Glass offers up one final maintenance-related fact in his book (Fact 45):

 Better software engineering leads to more maintenance, not less.

Huh? How’s that possible.

The answer is actually implicit in the previous facts and Simonyi’s observation: in the absence of documentation, the ease with which modifications can be made is directly related to the ease with which the code can be understood. Well designed systems are easier to understand, and hence can be modified more quickly. So, in a given time interval, a well designed system will have more modifications done to it than one that is not so well designed. Glass mentions that this is an interesting manifestation of Fact 43: Maintenance as a solution, rather than a problem.

Towards the end of the book, Glass presents the following fallacy regarding maintenance:

The way to predict future maintenance costs and to make product replacement decisions is to look at past cost data.

The reason that prediction based on past data  doesn’t work is that a plot of maintenance costs vs. time plot has a bathtub shape. Initially, when a product is just released,   there is considerable maintenance work (error fixing and enhancements)  done on it. This decreases in time, until it plateaus out. This is the “stable” region corresponding to the period when the product is being used with relatively few modifications or error fixes.  Finally, towards the end of the product’s useful life, enhancements and error fixes become more expensive as technology moves on and/or the product begins to push the limits of its design.
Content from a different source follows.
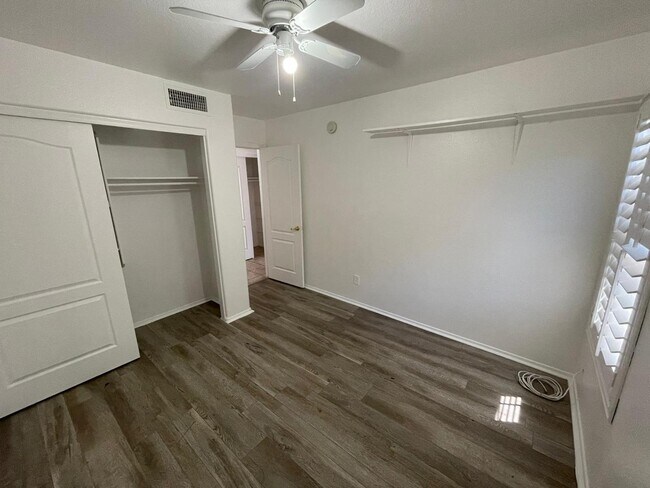 Foto del edificio - 2460 E Whitten St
At this point costs increase again, often quite steeply.  The point Glass makes is that, in general, one does not know where the product is  on this bathtub curve. Hence, using past data to make predictions is fraught with risk – especially if one is near an inflection point, where the shape of the curve is changing.So what’s the solution? Glass suggests asking customer about their expectations regarding the future of the  product, rather than trying to extrapolate from past data.

Finally, Glass has this to say about replacing software:

Most companies find that retiring an existing software product is nearly impossible. To build  a replacement requires a source of the requirements that match the current version of the product, and those requirements probably don’t exist anywhere. They’re not in the documentation because it wasn’t kept up to date. They’re not to be found from the original customers or users or developers because those folks are long gone…They may be discernable form reverse engineering the existing product, but that’s an error-prone and undesirable task that hardly anyone wants to tackle. To paraphrase an old saying, “Old software never dies, it just tends to fade away.”

And it’s the maintenance programmer who extends its life, often way beyond original design and intent. So, maintenance matters because it adds complexity to the  legacy of legacy software. But above all it matters because it is a solution, not a problem.